La luna brillaba como una perla en el cielo oscuro, iluminando las colinas dentadas. Soplaba un suave viento, y Violet oyó cómo los árboles se movían y murmuraban. Cerró los ojos y escuchó el ululato de un búho, el batido de las alas de un murciélago, un tejón que se dirigía a su madriguera.
Ese era su hogar. No la casa, con los pasillos lóbregos y los tartanes interminables y la amenaza de Padre, al acecho desde cualquier rincón.
Pero si la mandaba a un internado…, quizá nunca volvería a presenciar nada de aquello. Los búhos, los murciélagos, los tejones. La vieja haya que adoraba, y su pueblo de insectos.

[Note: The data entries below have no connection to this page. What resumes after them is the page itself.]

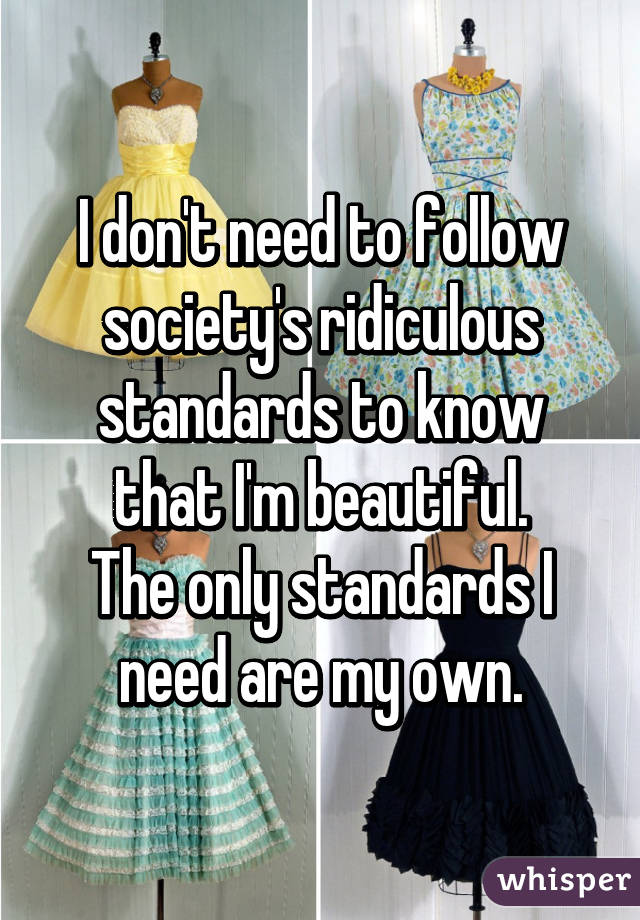 I don't need to follow society's ridiculous standards to know that I'm beautiful.
The only standards I need are my own.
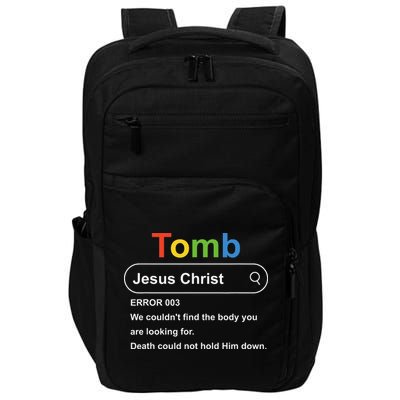 Tomb Jesus Christ Error 003 We Couldnt Find The Body Impact Tech Backpack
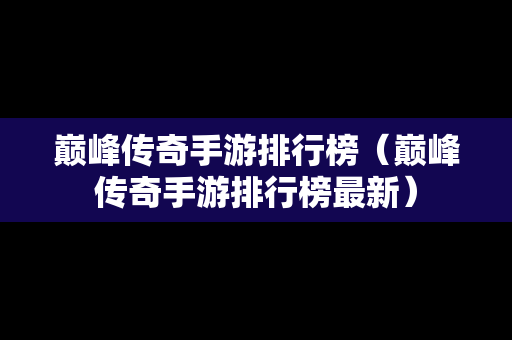 巅峰传奇手游排行榜（巅峰传奇手游排行榜最新）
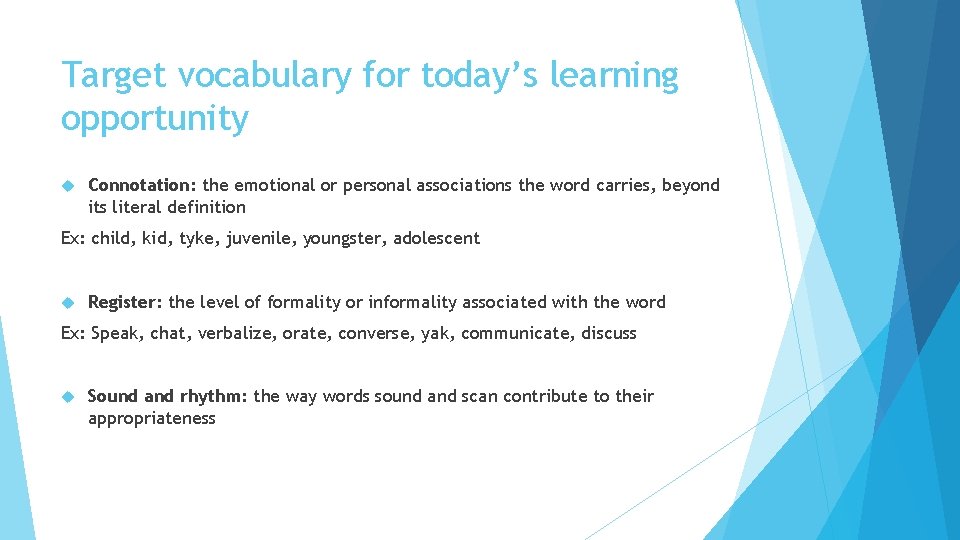 Target vocabulary for today’s learning opportunity Connotation: the emotional or personal associations the word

La encerrarían entre cuatro paredes y la obligarían a aprender toda clase de habilidades conversacionales absurdas y protocolo. Todo para que Padre pudiera ofrecerla a algún que otro viejo barón, como si fuera algo con que negociar en busca de favores.
Algo de lo que librarse.
Pero no, él no la enviaría a un internado. Ella no se lo permitiría. Cuando se marcharse de Orton Hall —se imaginaba avanzando con destreza en una jungla, rozándose con helechos atestados de escarabajos—, sería a su manera. No a la manera de Padre ni a la de cualquier otra persona.
Cuando llegase el invierno para arrebatarles las hojas a los árboles, ella estaría aquí, se prometió, y no en un internado de señoritas. Incluso se quedaría dentro de casa si era lo que debía hacer para evitarlo. Solo hasta que terminase la visita del estúpido pariente. Le enseñaría a Padre lo bien que podía comportarse.